_Instructions for the task_:
For the material below, return exactly the lines starting at the line containing "Alegreya SC Medium" and ending at the line containing "Beige Tulle Tiered", both ends included, and no others.

_Data listing_:
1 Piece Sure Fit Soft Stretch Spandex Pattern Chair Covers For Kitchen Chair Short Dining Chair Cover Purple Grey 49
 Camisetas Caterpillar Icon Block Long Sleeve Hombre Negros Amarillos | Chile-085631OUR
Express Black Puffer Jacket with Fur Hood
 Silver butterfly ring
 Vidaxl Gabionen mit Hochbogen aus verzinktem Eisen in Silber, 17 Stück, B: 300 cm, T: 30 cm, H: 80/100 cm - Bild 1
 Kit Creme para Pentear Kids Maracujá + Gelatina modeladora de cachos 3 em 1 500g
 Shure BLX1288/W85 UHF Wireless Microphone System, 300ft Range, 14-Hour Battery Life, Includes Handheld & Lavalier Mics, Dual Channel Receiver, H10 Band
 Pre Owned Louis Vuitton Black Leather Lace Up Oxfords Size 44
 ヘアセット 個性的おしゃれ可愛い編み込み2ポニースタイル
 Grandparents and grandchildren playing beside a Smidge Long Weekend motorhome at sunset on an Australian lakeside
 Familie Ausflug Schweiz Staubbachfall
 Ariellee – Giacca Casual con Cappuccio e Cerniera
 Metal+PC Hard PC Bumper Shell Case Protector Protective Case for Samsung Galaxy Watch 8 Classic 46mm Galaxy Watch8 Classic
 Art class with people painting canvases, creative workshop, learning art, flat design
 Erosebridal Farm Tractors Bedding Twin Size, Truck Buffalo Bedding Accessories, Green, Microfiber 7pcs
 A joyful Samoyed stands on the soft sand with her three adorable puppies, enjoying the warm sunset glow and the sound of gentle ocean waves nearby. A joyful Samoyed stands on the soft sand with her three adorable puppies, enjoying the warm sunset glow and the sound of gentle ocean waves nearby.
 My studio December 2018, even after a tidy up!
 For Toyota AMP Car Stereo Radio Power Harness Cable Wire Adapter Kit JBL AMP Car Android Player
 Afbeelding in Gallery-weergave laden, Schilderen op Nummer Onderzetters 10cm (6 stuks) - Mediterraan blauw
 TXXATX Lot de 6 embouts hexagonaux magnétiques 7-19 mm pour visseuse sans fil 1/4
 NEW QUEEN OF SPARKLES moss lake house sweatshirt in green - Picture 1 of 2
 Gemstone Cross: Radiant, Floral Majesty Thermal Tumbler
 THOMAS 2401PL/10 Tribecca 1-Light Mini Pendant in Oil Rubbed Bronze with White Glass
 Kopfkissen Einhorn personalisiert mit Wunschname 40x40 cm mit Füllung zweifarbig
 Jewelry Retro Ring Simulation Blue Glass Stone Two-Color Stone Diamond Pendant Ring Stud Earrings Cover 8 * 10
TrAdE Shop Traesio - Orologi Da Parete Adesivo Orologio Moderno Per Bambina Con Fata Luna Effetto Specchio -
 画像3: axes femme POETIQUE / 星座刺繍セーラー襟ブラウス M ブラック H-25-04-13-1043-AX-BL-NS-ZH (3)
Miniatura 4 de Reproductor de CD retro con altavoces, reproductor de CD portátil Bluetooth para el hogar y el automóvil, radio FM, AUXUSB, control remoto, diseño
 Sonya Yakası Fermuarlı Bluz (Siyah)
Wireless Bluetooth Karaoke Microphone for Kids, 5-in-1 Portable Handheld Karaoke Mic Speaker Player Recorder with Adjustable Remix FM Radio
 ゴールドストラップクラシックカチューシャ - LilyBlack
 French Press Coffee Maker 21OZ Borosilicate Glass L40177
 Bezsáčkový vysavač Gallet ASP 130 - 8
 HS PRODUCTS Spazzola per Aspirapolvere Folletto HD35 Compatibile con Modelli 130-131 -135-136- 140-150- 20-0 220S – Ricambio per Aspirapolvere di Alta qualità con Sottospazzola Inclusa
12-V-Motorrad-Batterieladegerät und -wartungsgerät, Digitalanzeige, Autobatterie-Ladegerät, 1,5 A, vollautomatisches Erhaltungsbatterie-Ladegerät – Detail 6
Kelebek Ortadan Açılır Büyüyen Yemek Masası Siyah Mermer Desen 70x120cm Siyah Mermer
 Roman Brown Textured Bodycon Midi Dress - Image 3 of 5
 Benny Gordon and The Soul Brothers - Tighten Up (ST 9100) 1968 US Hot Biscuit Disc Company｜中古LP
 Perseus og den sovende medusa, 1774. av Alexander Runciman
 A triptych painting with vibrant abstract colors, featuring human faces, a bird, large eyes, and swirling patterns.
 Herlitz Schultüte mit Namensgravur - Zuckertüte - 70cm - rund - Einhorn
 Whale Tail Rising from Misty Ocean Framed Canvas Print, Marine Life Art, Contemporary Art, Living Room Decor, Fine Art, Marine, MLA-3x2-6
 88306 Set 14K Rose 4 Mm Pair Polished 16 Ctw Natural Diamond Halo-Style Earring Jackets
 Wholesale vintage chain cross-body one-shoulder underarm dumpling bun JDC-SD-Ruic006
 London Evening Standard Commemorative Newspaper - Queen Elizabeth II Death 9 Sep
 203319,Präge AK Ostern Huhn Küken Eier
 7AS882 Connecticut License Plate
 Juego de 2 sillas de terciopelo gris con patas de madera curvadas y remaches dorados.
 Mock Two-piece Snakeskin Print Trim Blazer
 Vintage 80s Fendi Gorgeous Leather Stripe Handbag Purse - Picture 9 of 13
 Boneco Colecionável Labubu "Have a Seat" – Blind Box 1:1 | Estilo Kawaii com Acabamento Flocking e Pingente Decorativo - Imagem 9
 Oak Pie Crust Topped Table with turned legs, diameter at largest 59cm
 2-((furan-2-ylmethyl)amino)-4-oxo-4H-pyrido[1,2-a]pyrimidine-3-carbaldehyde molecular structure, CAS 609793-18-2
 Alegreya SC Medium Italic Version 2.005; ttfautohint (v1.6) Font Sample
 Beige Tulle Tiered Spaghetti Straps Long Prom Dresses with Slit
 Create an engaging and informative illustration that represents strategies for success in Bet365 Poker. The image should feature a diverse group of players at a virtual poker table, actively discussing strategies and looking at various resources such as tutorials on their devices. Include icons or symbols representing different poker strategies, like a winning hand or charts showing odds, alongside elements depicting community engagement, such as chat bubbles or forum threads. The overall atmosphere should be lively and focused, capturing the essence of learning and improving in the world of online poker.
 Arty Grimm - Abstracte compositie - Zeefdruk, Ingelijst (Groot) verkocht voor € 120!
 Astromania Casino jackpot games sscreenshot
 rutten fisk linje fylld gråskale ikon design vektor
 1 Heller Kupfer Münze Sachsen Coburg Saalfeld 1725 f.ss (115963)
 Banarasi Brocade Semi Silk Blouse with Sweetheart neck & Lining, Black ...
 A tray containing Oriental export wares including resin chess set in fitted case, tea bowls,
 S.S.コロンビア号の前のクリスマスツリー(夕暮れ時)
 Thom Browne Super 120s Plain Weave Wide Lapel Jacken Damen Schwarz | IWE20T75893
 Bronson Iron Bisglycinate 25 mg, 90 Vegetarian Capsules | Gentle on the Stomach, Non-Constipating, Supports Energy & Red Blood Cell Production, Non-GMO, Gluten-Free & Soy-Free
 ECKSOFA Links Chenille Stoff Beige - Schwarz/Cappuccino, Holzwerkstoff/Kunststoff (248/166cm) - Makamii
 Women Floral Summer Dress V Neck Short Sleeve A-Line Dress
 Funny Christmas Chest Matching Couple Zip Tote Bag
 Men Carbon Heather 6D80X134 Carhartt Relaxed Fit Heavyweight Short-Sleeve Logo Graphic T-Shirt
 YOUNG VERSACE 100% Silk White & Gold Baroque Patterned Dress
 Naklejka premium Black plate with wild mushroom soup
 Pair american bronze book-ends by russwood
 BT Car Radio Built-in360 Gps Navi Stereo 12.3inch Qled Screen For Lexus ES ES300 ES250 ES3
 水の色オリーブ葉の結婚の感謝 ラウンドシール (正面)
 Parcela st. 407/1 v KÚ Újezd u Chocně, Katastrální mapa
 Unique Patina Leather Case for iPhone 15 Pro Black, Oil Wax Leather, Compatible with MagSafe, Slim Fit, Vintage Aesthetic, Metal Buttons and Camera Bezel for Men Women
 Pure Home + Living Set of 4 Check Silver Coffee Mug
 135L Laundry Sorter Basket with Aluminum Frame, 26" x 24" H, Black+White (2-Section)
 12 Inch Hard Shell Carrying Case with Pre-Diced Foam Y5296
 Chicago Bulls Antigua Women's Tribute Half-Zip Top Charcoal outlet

_Answer to the exercise_:
 Alegreya SC Medium Italic Version 2.005; ttfautohint (v1.6) Font Sample
 Beige Tulle Tiered Spaghetti Straps Long Prom Dresses with Slit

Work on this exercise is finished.